Hassan Talib was two meters tall, one hundred and thirty kilos of muscle and bone, feared throughout Stockholm’s underworld and even among people who looked the same as him. He had tumbled backward and hit his head on a coffee table. If he had been an ordinary crook, in a film or on television, he would have shaken his head, got up, and made mincemeat of Bäckström. But because he belonged in the real world, it was unclear if he was going to survive.
Farshad Ibrahim had also spent the night on the operating table even though the only bullet to hit him had struck exactly where police regulations demanded, just below the left knee. First it had broken both of the bones in the lower leg, the tibia and fibula, which was only to be expected and exactly as intended. Then several unexpected things had happened. The bullet was the new sort that expanded when it hit its target, the intention being to minimize the risk of the bullet going straight through or ricocheting, against the surmountable price of a larger hole in the body of the person who was shot. This time the casing had splintered and a fragment had travelled along the thighbone and damaged the femoral artery. By the time Farshad Ibrahim arrived at hospital he had lost three liters of blood. His heart had stopped twice in the ambulance. Ten hours later he was lying in intensive care. Prognosis unclear.

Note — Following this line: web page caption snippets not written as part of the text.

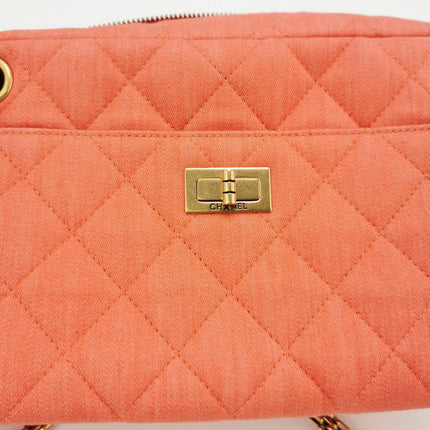 Sold Chanel 2016 Canvas Quilted Small 2.55 Mademoiselle Camera Case Bag Orange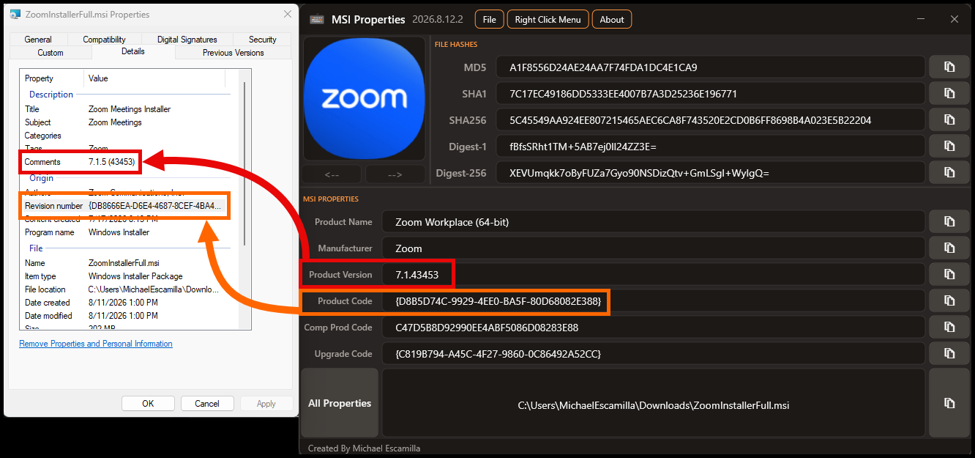 Zoom MSI - File Properties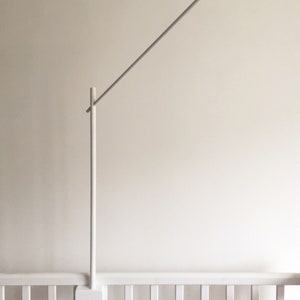 Baby mobile arm in WHITE / baby crib attachment / wooden mobile stand / wooden mobile holder / DIY baby mobile image 3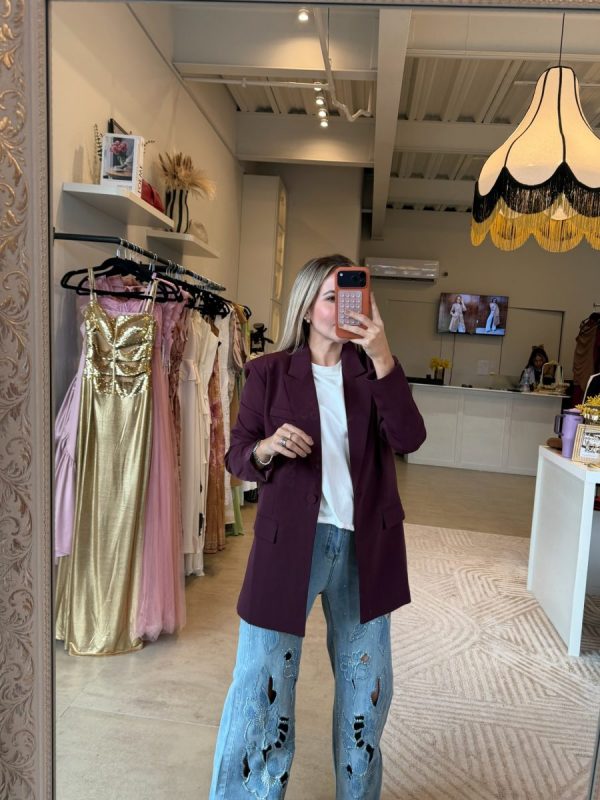 BLAZER OVERSIZE BURGUNDY - Imagen 6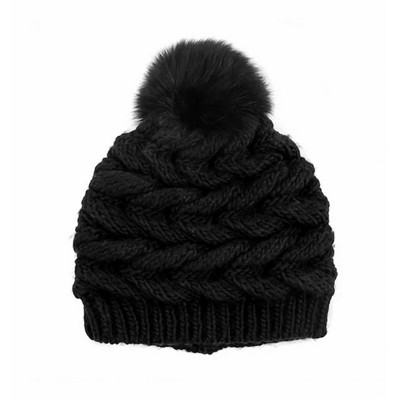 Women's WO'S KNIT BEANIE W/FOX POM - Mitchie's Matchings
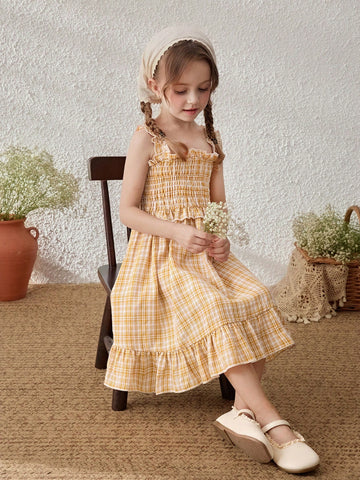 Young Girls Yellow Plaid Suspender Dress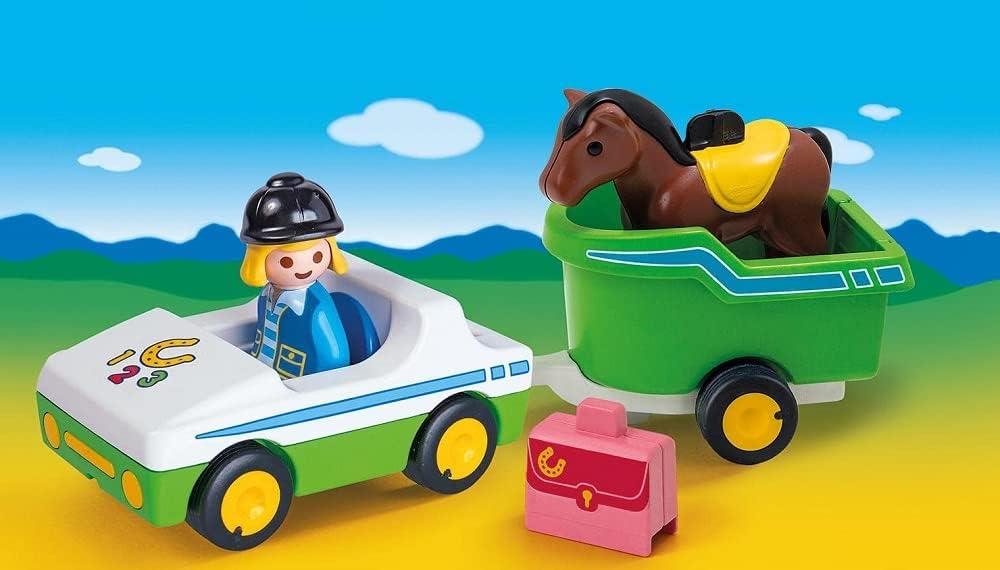 Playmobil 1.2.3 Car with Horse Trailer - Fun for Toddlers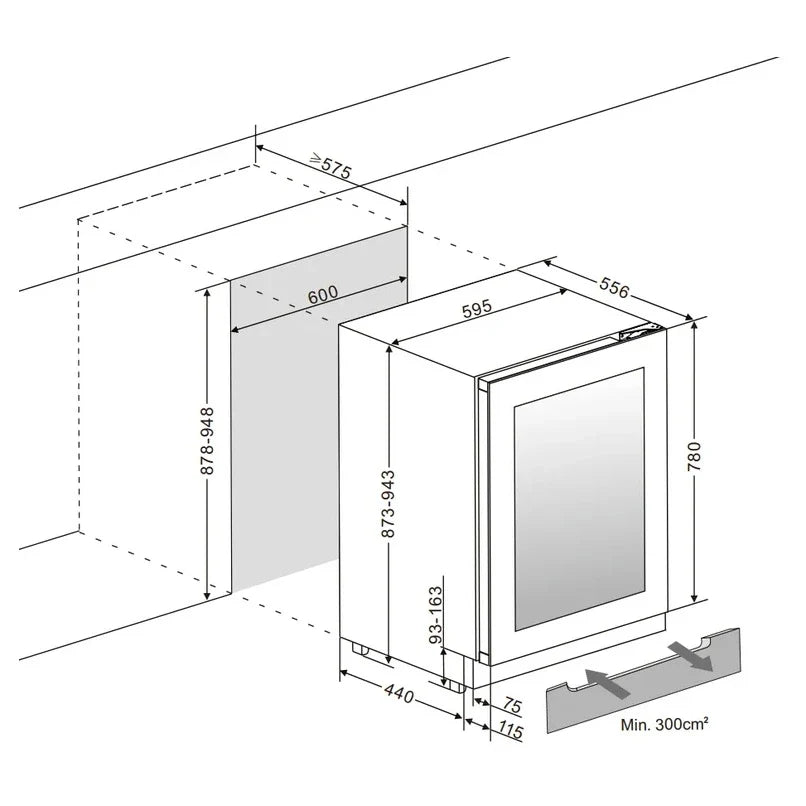 Einbauzeichnung Unterbau-Weinkühlschrank mQuvée WineCave Exclusive 780 60D Push/Pull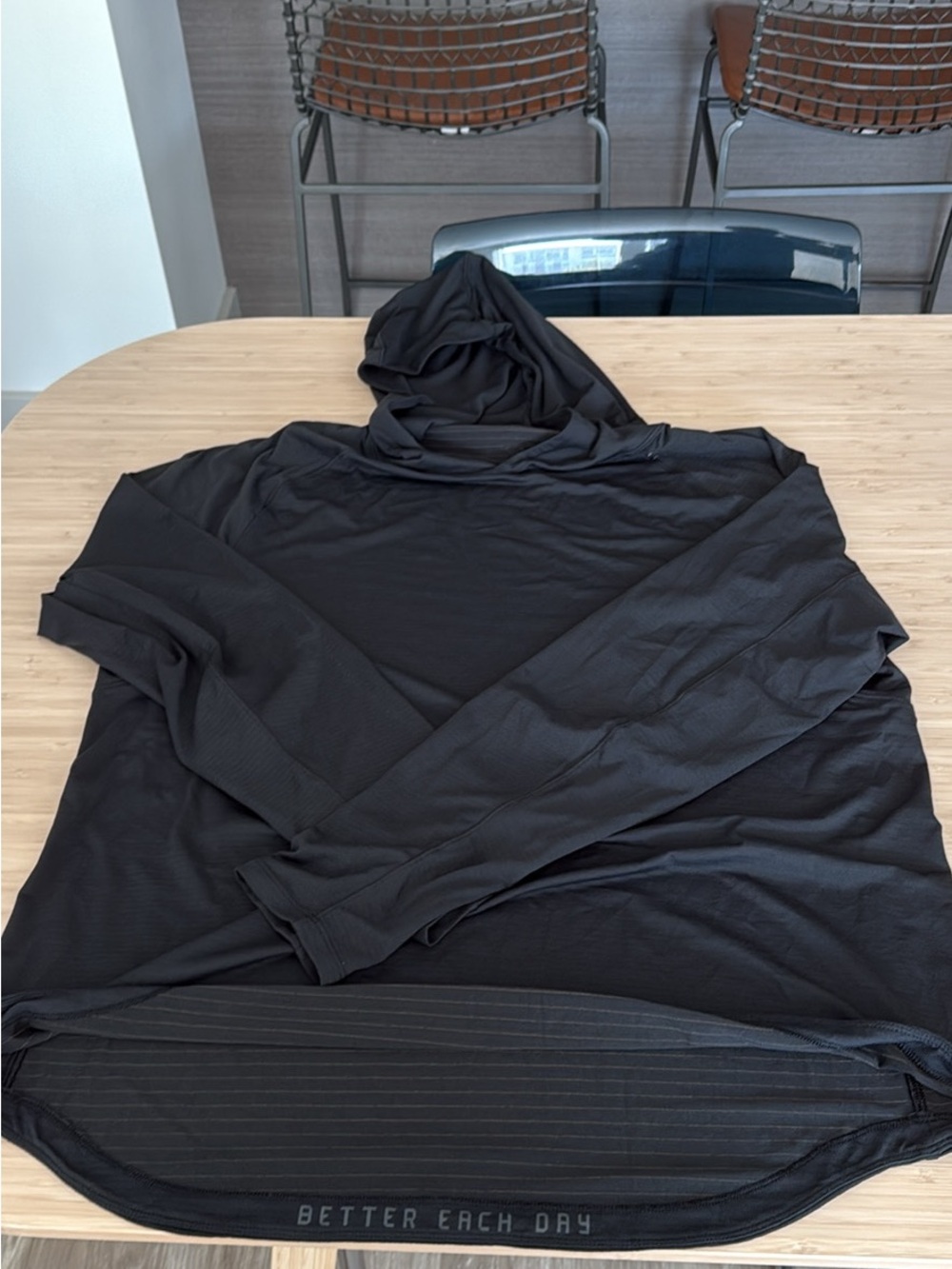 lululemon Black Hooded Long-Sleeve Shirt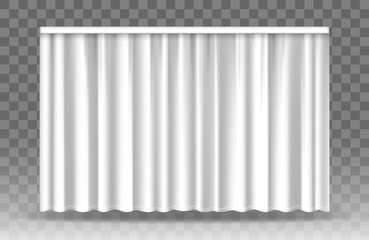 Vector white curtains isolated on transparent background.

His younger brother had been subjected to a quick diagnosis on the street outside Bäckström’s door. Broken nose, possibly broken bones and fingers in his right hand. Nothing that prison medical staff couldn’t handle. During the short journey to police headquarters in the riot squad’s van he had fain
ted and collapsed on the floor. To start with, they thought he was playacting, then decided to take him to Karolinska as well, and within an hour Afsan was also lying on an operating table. Several broken ribs on his right side, a punctured and collapsed lung, but in considerably better shape than his older brother and cousin.

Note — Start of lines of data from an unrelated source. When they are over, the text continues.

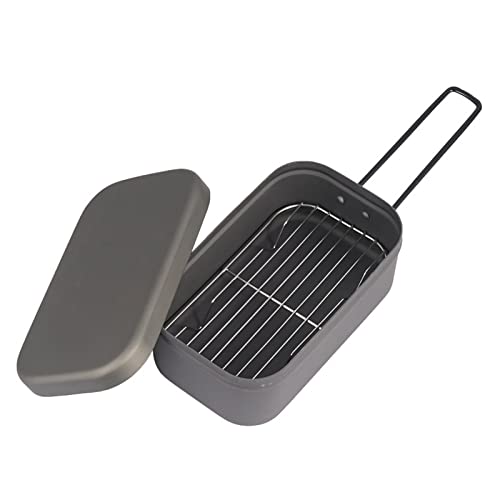 EBVincxmk Japanische Aluminium-Lunchbox mit klappbarem Griff, tragbar, für Reisen, Camping, Kochen, Dampfboxen, 800 ml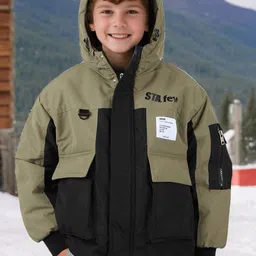 INCLUD Boys Typography Open Front Jacket with Patchwork image 1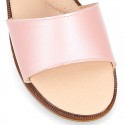 PEARL Nappa Leather Girl Sandal shoes with buckle fastening.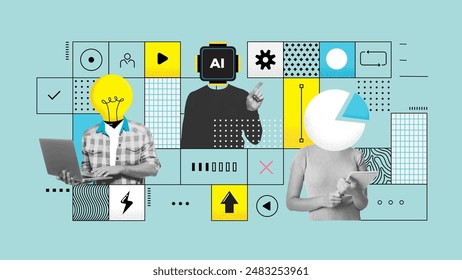 Business process. Contemporary art collage made of shots of young men, managers working hardly isolated over pastel green background, Concept of art, finance, career, co-workers, team. Vector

“He’s definitely going to make it,” the surgeon who spoke to Honkamäki confirmed. “Unless anything unexpected happens, of course,” he added, the way doctors usually do.
Nasir Ibrahim was dead, tortured by what looked like an ordinary soldering iron. His skull had been crushed by the classic blunt object, although precisely what sort was used on this occasion was unclear. Just to make sure, he had also been strangled with the cord with which the address label had been tied to his neck. The body was expected to arrive at the Solna forensics lab later that day. In case the Swedish coroners wanted to take a look at what their Danish colleagues at Rigshospitalet’s forensics department had already taken care of.
Just to be on the safe side, arrest warrants for Farshad Ibrahim, Afsan Ibrahim, and Hassan Talib had all been issued on the grounds of probable suspicion a couple hours earlier. Two cases of the attempted murder of Detective Superintendent Evert Bäckström and Detective Inspector Frank Motoele, weapons offenses, and more to come. Considerably more.
Even though none of the three could move without help, even in their hospital beds, they were under an impressive amount of police guard. Twenty uniformed officers from the National Rapid-Response Unit, the riot squad, and the ordinary force. Half a dozen detectives who suddenly had time on their hands.